Sanders is an excellent scholar who conducts his research meticulously, does not avoid difficult questions or allow his own beliefs to influence his conclusions. He weighs evidence and explains why he thinks it is sound or otherwise. He is not afraid to admit that in some instances he cannot reach a firm conclusion. This reviewer does not accept his entire argument but his work stands in stark contrast to the "self-indulgent charade" that passes for research at the Jesus Seminar. Although Sanders is a first-class academic, this book is written for the general reader and in a conversational style. As an introduction to the overall question of the historical figure of Jesus, it's in a league of its own, receives five stars and is highly recommended for purchase.
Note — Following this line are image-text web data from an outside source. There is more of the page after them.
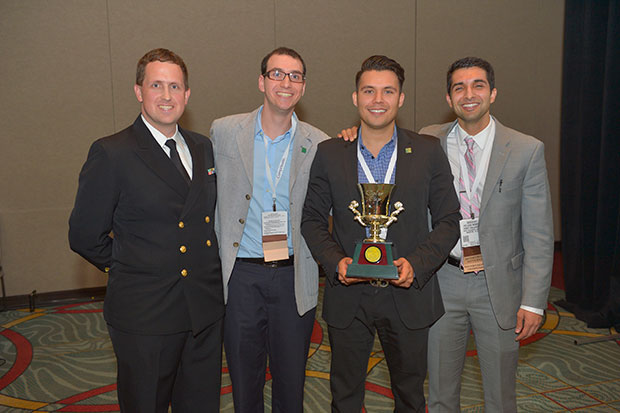 Lt Cmdr Brent Wallace Lacey, MD, FACP (left) presents the ACP's Doctor's Dilemma® trophy to (from left to right) Giovanni Ernesto Davogustto, MD, Raymundo Alain Quintana Quezada, MD, and Uday Gajjan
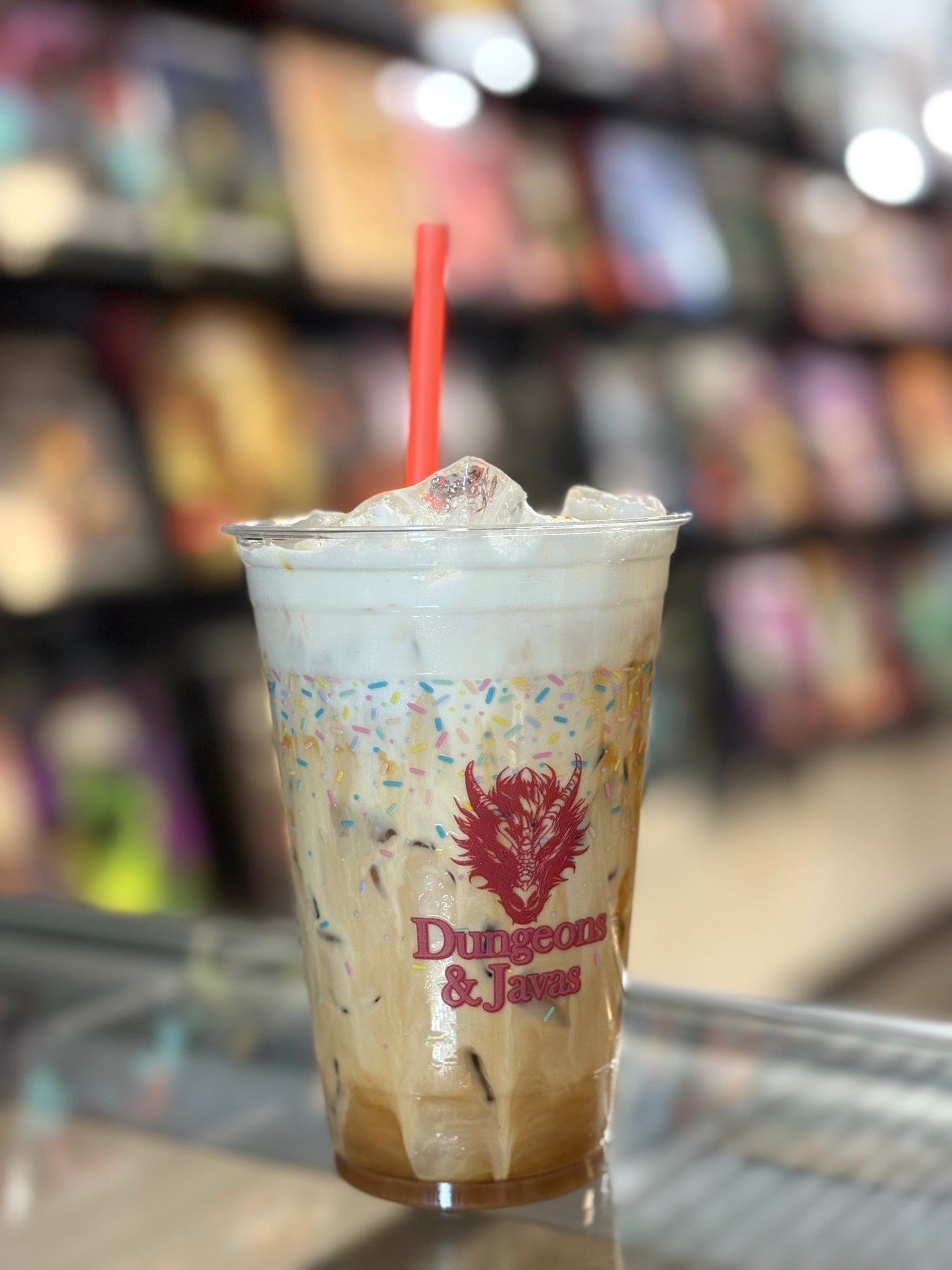 Frappuccino with a red straw in a cup featuring 'Dungeons & Dragons' logo, against a blurred bookshelf background.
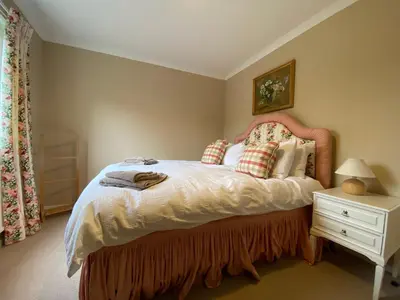 a bedroom with a large bed and a night stand at Lochs Lodge, Glenlyon, Perthshire in Bridge of Balgie
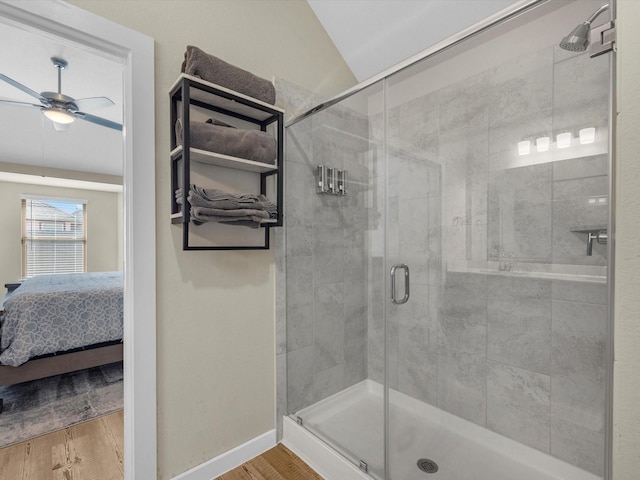 bathroom featuring ceiling fan, wood-type flooring, lofted ceiling, and walk in shower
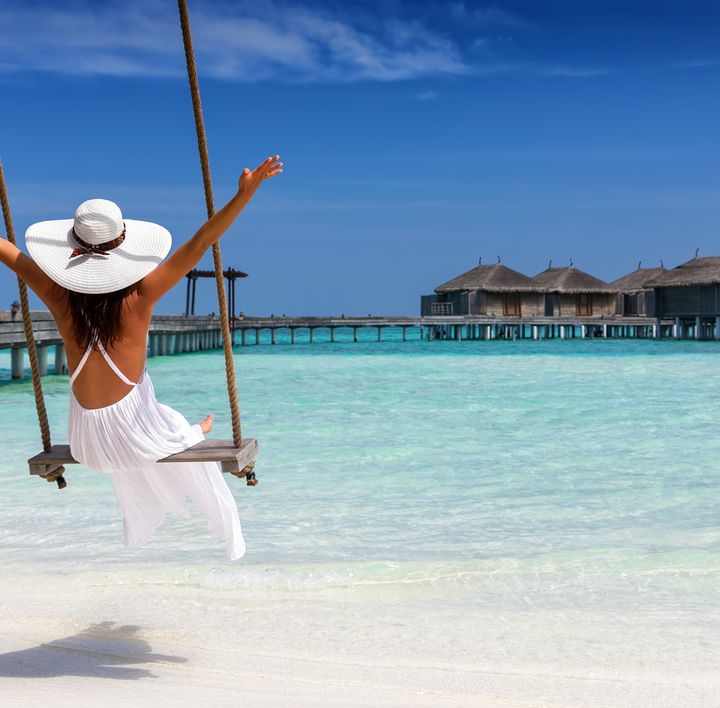 Strandurlaub: Eine Frau mit Sonnenhut und weißem Kleid sitzt auf einer Schaukel an einem türkisen Wasser mit Wasserbungalows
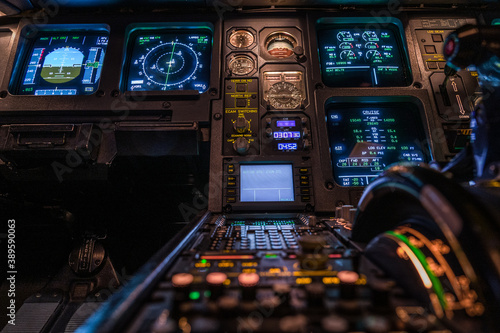 modern airplane cockpit with illuminated instruments - detail view - during night time flight - blurred foreground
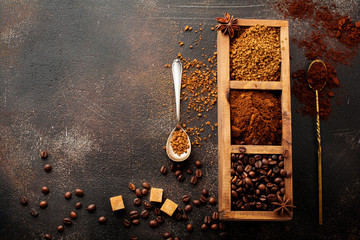 Food background with three kinds of coffee: beans, milled, instant in wooden box on old concrete...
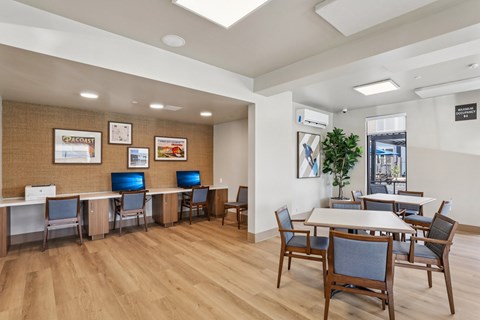 A conference room with a long table and chairs at The Orion Senior Apartments - Orange, CA Apartments, Orange, CA, 92866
the purpose of this book is to establish who Jesus was historically rather than theologically and while i have seen some critique this as a methodology, there are enough books on who Jesus was theologically that i think we can let that slide! he does this by trying to work backwards and trying to see what the earliest writers thought of him and how they depict him. he is very happy as a methodology to read with the grain of the text, other writers on the topic (such as j. d. crossan) are a lot happier to read against the grain and redact out the implications and views of the writers in order to find more solid data and of course both methods are extremely critique-able for a variety of reason.
i find myself quite liking sanders he expresses the difficult task of finding a single person in historical accounts without making seem it too complicated, ive read other works by him as well and his work on early Jewish studies is considered pretty authoritative so i definitely recommend him.